Le pacte brisé et ses conséquences
L'alliance entre le MFDC et le Bloc Démocratique Sénégalais de Léopold Sédar Senghor en 1951 crée un sentiment de "dette morale". Les excellents résultats électoraux obtenus en Casamance par le BDS alimentent cette perception. Le référendum de 1958 sur la Communauté française constitue un moment critique : l'administration coloniale tente d'instrumentaliser les élus casamançais en leur promettant une possible autonomie en cas de vote favorable, une promesse qui restera lettre morte.
La transformation tragique de cette idée d'autonomie survient en décembre 1982, lorsqu'un nouveau MFDC, sous la direction de l'Abbé Augustin Diamacoune Senghor, entre en conflit armé avec l'État sénégalais. Diamacoune réinterprète l'histoire coloniale, affirmant détenir des "preuves formelles" d'une autonomie ancienne de la Casamance. Cette relecture de l'histoire, basée sur des "fragments d'archives" et de mémoire, sert à légitimer une revendication indépendantiste.
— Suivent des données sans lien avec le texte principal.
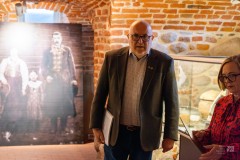 W zabytkowych piwnicach przemawia mężczyzna, obok stoi kobieta. W tle na ekspozycji wielkie stare zdjęcie przedstawiające kobietę i mężczyznę oraz dziecko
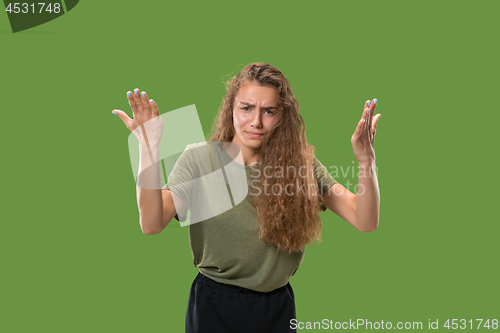 Image of Beautiful female half-length portrait isolated on green studio backgroud. The young emotional surprised woman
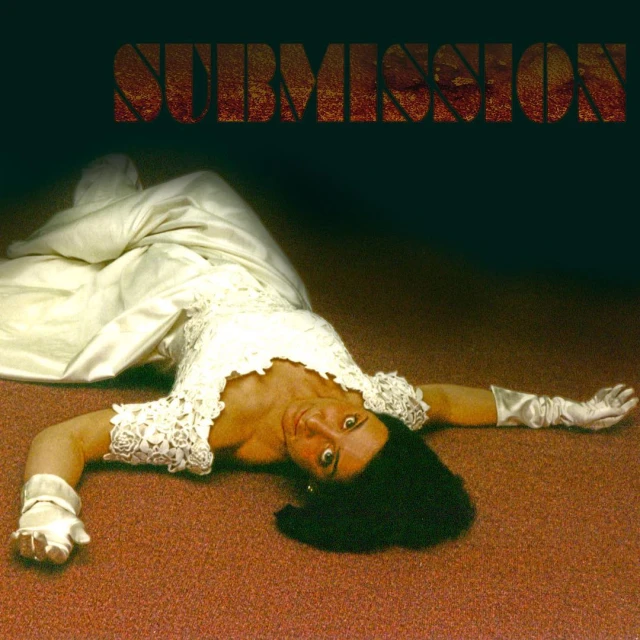 a woman in white is laying on the floor with a long sleeved shirt and wide brimmed pants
Le conflit qui s'ensuit a fait plus de 4000 morts en 40 ans, marqué par des combats acharnés, l'utilisation de mines antipersonnel et des déchirements familiaux. Cette guerre de basse intensité, selon les termes d'Elgas, trouve ses racines dans la construction historique complexe de l'idée d'autonomie casamançaise, née dans le contexte colonial et transformée au fil du temps par différents acteurs et circonstances politiques.
Comme le souligne Séverine Awenengo Dalberto, comprendre cette histoire permet de mieux saisir pourquoi, même parmi les Casamançais non indépendantistes, persiste l'impression d'une "histoire cachée". Son travail d'historienne, fruit de plus de vingt ans de recherches, met en lumière cette "histoire souterraine", celle des "possibles non-advenus" et des interprétations morales du passé, indispensable pour comprendre les tensions actuelles et, peut-être, contribuer à une paix durable dans la région, estime Egas.
Aujourd'hui, alors qu'un espoir de paix définitive se dessine, cette histoire complexe rappelle l'importance de comprendre les racines historiques des conflits pour mieux en appréhender les solutions. La Casamance, avec son potentiel de développement considérable, attend désormais que cette page douloureuse de son histoire puisse enfin se tourner.